The Vintage Pattern Selector is described as "The Sewer's Guide to Choosing and Using Retro Styles".
The book includes eight chapters on dresses, blouses and detailing, skirts, trousers and shorts, suits and coats, lingerie and headwear and gloves. Each chapter includes a "style overview" in which various trends from decades from the 1920s to the 1970s are described. After this, in each chapter the garment patterns which are included on the accompanying CD are covered.
There are also two further chapters, one on dressmaking basics, and one on construction.
The accompanying CD includes 15 patterns, including four dresses, one blouse, two skirts (although one is a circle skirt), one pant, two jackets, four lingerie patterns and a pattern for a pillbox hat.
So far, so reasonable.
I bought this book on a whim. Any pattern book that turns up in my local bookstore, I buy. It's a weakness, I know. For some people its tequila, me..pattern books. At least I have an intact liver.
If I'd looked more carefully, would I have bought it? Maybe not. This is a very frustrating book to read, for while it has a nominal author it needs an editor. Let me explain.

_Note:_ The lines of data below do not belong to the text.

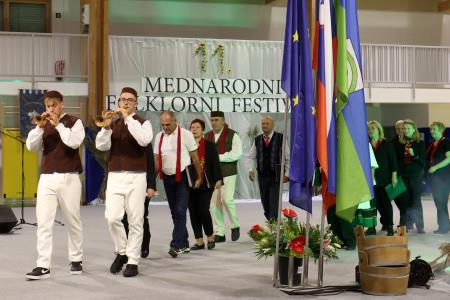11. MEDNARODNI FOLKLORNI FESTIVAL RAKEK 46 FOTO LJUBO VUKELIČ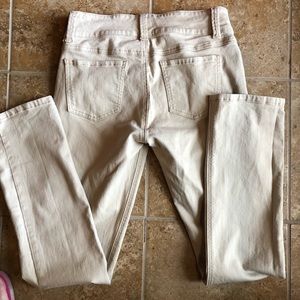 CAbi Jeans - CAbi women’s jeans 8. Tan khaki straight leg CAbi Jeans - CAbi women’s jeans 8. Tan khaki straight leg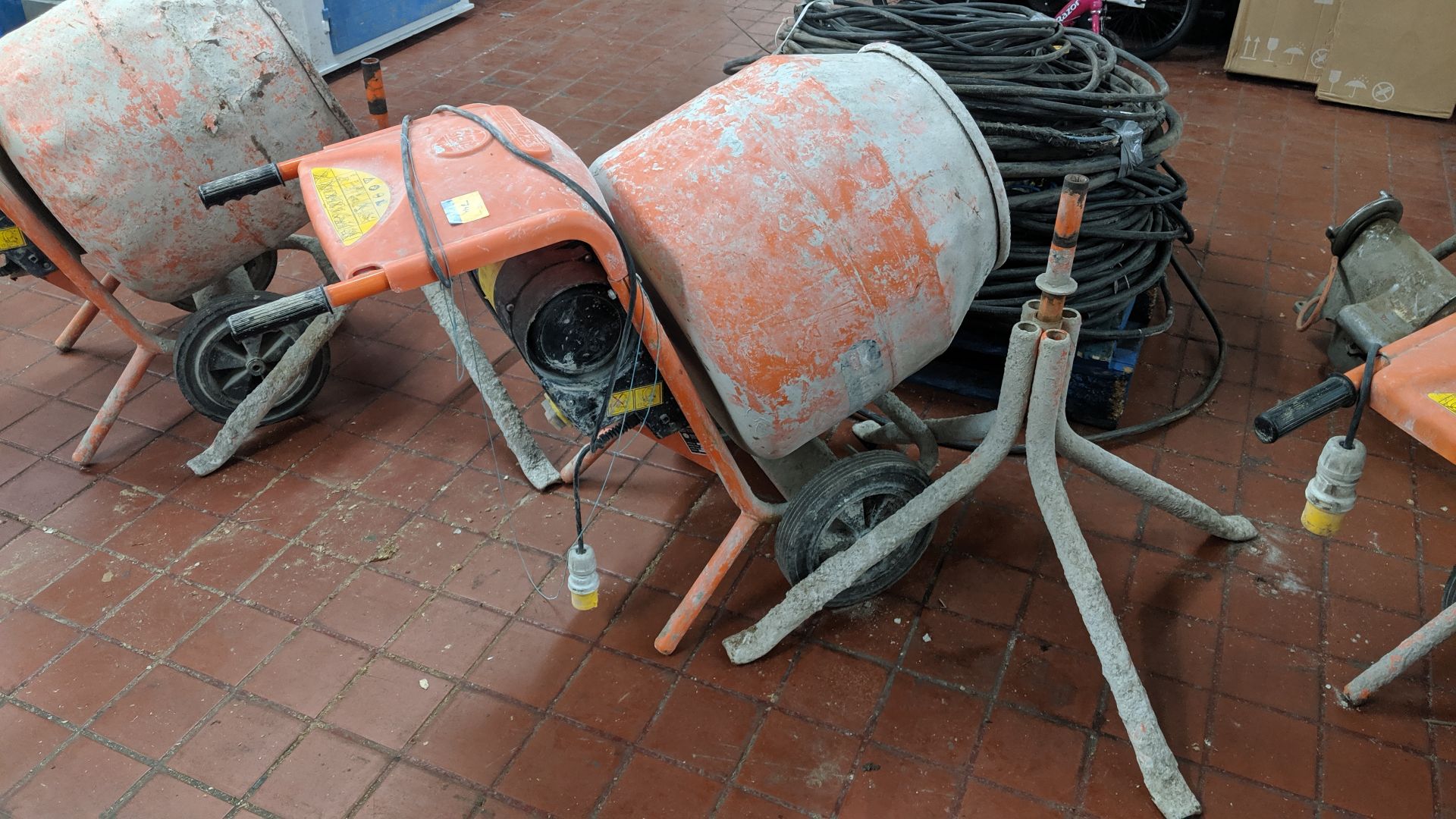 Belle mini mix 150 110V cement mixer, including separate static stand IMPORTANT: Please remember - Image 4 of 5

Take Chapter One, dresses. Half the chapter is taken with style overviews, which cover the flapper dress, the little black dress, bias cutting, the halterneck, and the natural waist. (Note to true vintage pattern buffs, don't expect a lot of photos featuring vintage patterns or vintage styles. Rather, each "style overview" includes one vintage illustration, and then goes on to show how these Style elements are included on current clothes, of which there are far more illustrations). OK, so the book primes you up for these style elements, then in a lot of cases fails to follow through with the patterns. So in the case of the dresses chapter, the drop waisted dress pattern is a nod to the flapper dress, and the 50s prom dress features a natural waist, but the other garment patterns bear no relation to any of the style elements the chapter has just covered.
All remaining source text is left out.